Bill Zaumen May 6, 2025

@rysiek Banning HTTP is a mistake. Examples: (1) my domain registration provides an HTTP page that simply redirects to an HTTPS one on a different web site. (2) I have a Jellyfin media server running in a Docker container, and it uses HTTP so users can configure it using a browser.. (3) I have some applications I run locally that start embedded web servers, using HTTP, just when I need one. The web servers are not accessible outside my home and are started only when I need them.

Bill Zaumen May 6, 2025

@rysiek Another example of why you want browsers to allow HTTP URLs: I have a graphics editor named EPTS. It can display the manual in a window, but can also start an embedded HTTP web server that allows the documentation to be viewed using a browser. If you don't have Internet access but can set up a wifi hotspot, you can use a second computer to view the documentation.

Xeniac May 6, 2025

@rysiek The WebUI of my Switch only supports #tls1_0. For this reason I disabled #https , because http sites are easier to access via #firefox then unsafe encrypted sites. 😎

Irina May 6, 2025

@rysiek At least Firefox asks "this doesn't resolve, probably because there's only a http:// site, proceed?"

Götz Hoffart May 6, 2025

@rysiek I operate a page that’s only available via HTTP (and has never been on HTTPS). It still loads fine in Chrome 136.0.7103.93 and 136.0.7103.48, so this doesn’t fit to your conclusions that Chrome wouldn’t do that any longer.
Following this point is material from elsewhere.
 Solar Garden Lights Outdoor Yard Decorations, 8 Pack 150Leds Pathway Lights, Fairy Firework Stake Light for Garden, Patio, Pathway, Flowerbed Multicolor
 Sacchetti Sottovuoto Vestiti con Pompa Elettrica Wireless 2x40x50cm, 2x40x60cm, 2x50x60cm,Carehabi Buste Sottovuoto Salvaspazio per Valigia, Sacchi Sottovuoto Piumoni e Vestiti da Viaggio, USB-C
Did you try Chrome in a “fresh” environment, i.e. new user, new install?

@goetz yes, in a clean VM.

waldi May 6, 2025

@rysiek Which version?

SpaceLifeForm May 6, 2025

Chrome is a joke.

@rysiek I have ESP32 things on my network that cannot do SSL, and do not need to do SSL. That's so annoying.

@neko @rysiek If you type in the name without http://, it gives you a warning first? Or which behaviour? Because at least for me it is still unclear what the OP saw.

Neko

May 7, 2025

@waldi Sorry if my comment was misleading, I prefer Firefox myself and haven't tried replicating OP's behaviour.